## PROBLEM REQUIREMENTS
Among the records, which lines hold the word "View"? Pick them out.

─── RECORDS SHOWN

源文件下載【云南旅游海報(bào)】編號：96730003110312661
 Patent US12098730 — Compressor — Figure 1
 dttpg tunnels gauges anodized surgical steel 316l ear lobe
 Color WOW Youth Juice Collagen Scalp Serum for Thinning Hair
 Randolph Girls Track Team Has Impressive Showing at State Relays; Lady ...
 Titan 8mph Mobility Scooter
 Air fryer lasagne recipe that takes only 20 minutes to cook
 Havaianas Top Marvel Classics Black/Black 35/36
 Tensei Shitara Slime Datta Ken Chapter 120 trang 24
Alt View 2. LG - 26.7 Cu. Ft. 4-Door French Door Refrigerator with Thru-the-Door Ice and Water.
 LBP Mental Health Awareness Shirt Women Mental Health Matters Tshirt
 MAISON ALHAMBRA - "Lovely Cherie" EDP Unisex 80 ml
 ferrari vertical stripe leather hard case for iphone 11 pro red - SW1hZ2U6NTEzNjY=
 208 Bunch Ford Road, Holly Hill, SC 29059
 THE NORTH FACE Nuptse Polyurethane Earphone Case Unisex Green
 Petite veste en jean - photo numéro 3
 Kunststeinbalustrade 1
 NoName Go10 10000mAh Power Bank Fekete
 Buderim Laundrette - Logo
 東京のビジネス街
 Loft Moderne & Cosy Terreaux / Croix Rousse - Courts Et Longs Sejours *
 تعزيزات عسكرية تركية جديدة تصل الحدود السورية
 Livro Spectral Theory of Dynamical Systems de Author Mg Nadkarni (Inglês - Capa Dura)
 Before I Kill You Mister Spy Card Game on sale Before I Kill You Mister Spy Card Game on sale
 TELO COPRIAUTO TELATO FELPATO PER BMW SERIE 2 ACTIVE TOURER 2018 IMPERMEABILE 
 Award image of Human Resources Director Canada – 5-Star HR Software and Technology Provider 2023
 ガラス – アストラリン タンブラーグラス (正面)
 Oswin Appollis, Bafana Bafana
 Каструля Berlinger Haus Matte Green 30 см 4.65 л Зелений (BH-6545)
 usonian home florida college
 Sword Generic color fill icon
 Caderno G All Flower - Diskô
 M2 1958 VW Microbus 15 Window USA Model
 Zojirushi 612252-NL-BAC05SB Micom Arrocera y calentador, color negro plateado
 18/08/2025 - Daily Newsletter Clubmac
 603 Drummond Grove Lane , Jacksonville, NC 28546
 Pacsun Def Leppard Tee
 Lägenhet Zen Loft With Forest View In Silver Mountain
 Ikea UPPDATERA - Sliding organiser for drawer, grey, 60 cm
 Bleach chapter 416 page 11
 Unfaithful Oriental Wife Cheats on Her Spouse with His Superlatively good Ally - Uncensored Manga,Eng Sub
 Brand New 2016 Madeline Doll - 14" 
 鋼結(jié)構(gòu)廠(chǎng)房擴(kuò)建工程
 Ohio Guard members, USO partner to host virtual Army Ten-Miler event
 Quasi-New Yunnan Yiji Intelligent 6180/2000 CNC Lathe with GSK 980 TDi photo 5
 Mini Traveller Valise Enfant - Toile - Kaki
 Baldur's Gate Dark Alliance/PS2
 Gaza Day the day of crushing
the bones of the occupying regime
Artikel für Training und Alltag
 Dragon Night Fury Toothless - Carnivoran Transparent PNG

──────

## EXERCISE SOLUTION
Alt View 2. LG - 26.7 Cu. Ft. 4-Door French Door Refrigerator with Thru-the-Door Ice and Water.
 Lägenhet Zen Loft With Forest View In Silver Mountain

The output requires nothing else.